[Free-text object descriptions]
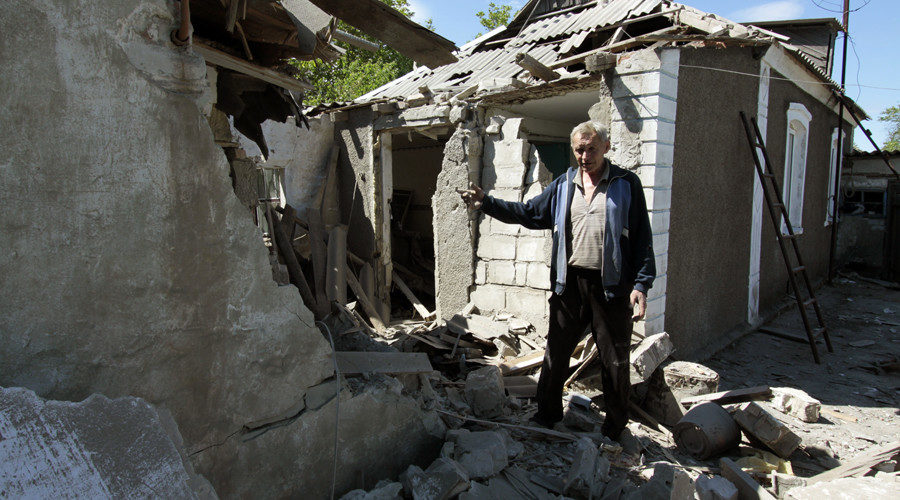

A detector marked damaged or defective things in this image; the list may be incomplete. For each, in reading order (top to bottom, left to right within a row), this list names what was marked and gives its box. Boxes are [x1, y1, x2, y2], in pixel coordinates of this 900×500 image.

broken roof [356, 0, 864, 120]
damaged house [284, 0, 868, 360]
splintered wood plank [394, 270, 436, 320]
splintered wood plank [338, 352, 436, 376]
splintered wood plank [684, 386, 772, 406]
splintered wood plank [808, 442, 900, 484]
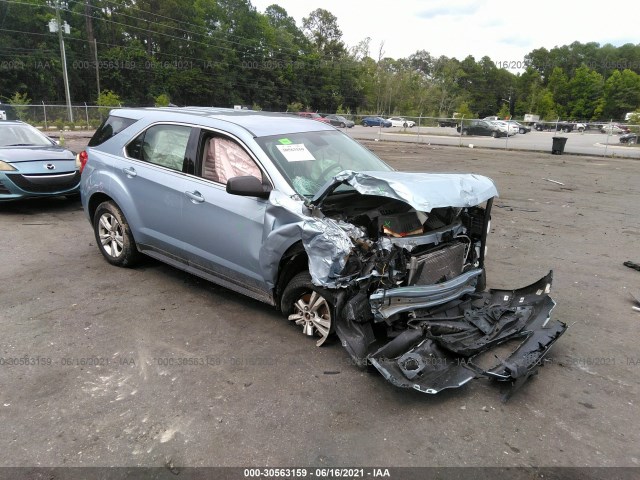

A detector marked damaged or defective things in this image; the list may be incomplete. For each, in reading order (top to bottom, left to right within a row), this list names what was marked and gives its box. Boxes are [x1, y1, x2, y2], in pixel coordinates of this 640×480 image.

damaged chevrolet equinox [80, 109, 564, 398]
crumpled hood [312, 171, 498, 212]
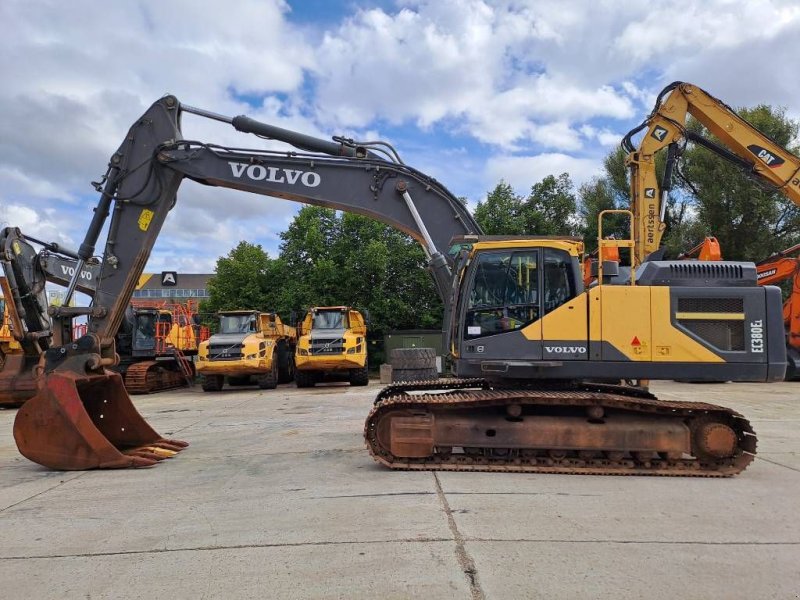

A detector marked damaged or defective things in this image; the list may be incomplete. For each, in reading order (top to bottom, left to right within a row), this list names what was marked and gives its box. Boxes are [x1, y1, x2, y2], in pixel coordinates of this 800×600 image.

rusty excavator bucket [13, 338, 188, 468]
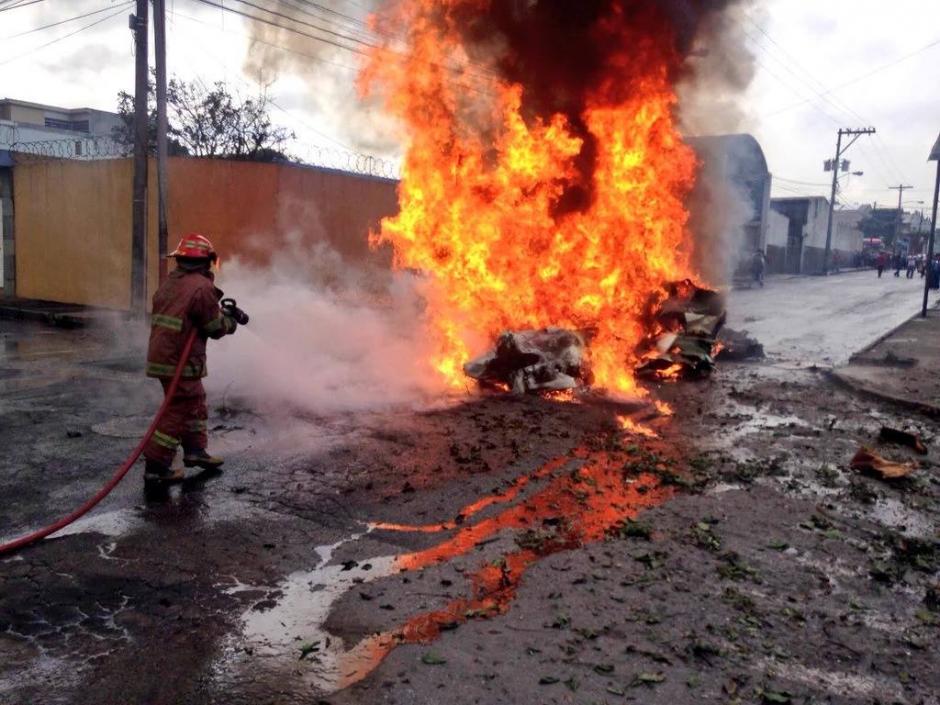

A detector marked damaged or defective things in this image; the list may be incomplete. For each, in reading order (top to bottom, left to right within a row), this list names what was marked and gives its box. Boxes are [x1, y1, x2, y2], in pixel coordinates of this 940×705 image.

burned wreckage [466, 278, 760, 394]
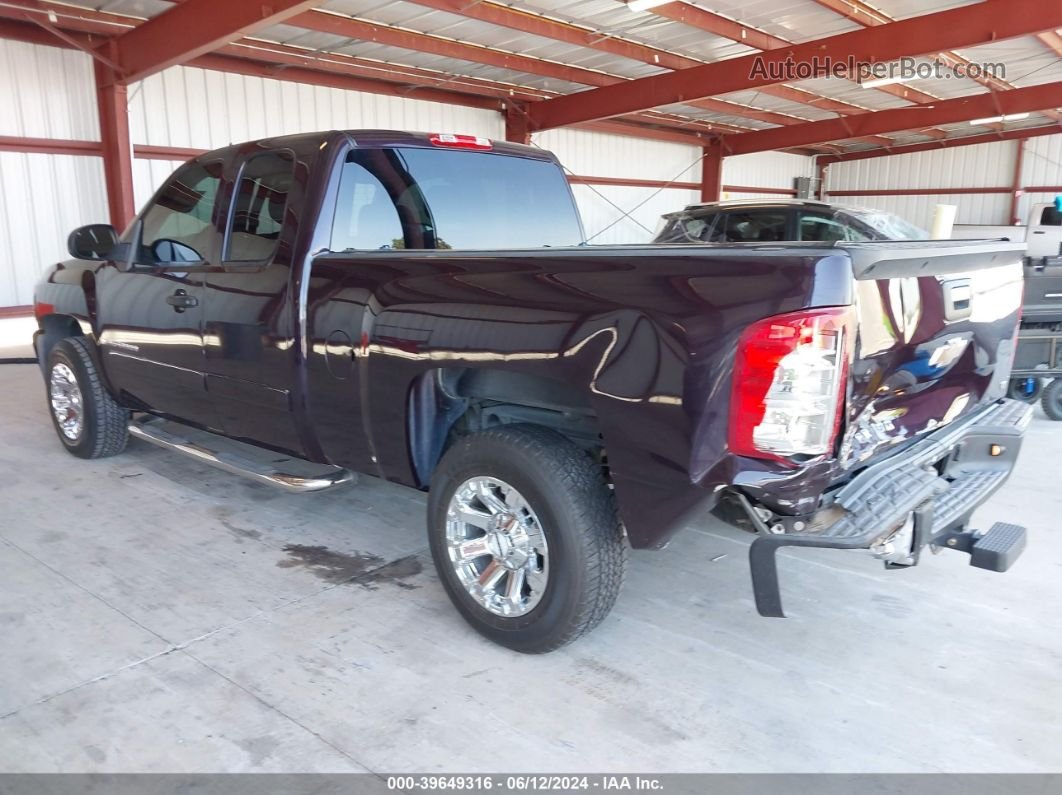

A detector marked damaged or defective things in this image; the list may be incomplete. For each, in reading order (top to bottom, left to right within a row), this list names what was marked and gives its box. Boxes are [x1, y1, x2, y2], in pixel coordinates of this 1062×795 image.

damaged rear bumper [747, 399, 1028, 615]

> **WHAT TO DO**
Reproduce word for word the lines from the line with "this 940×705 image." to the end of the entries above, both included, but leave the pictures out.

> **RESPONSE**
A detector marked damaged or defective things in this image; the list may be incomplete. For each, in reading order (top to bottom, left to right within a row), this list names what was marked and gives its box. Boxes are [x1, y1, x2, y2], in pixel coordinates of this 940×705 image.

burned wreckage [466, 278, 760, 394]

A detector marked damaged or defective things in this image; the list may be incomplete. For each, in reading order (top to bottom, left to right within a row), this list names what was marked and gives its box. Boxes are [x1, y1, x2, y2], in pixel coordinates of this 1062×795 image.

damaged rear bumper [747, 399, 1028, 615]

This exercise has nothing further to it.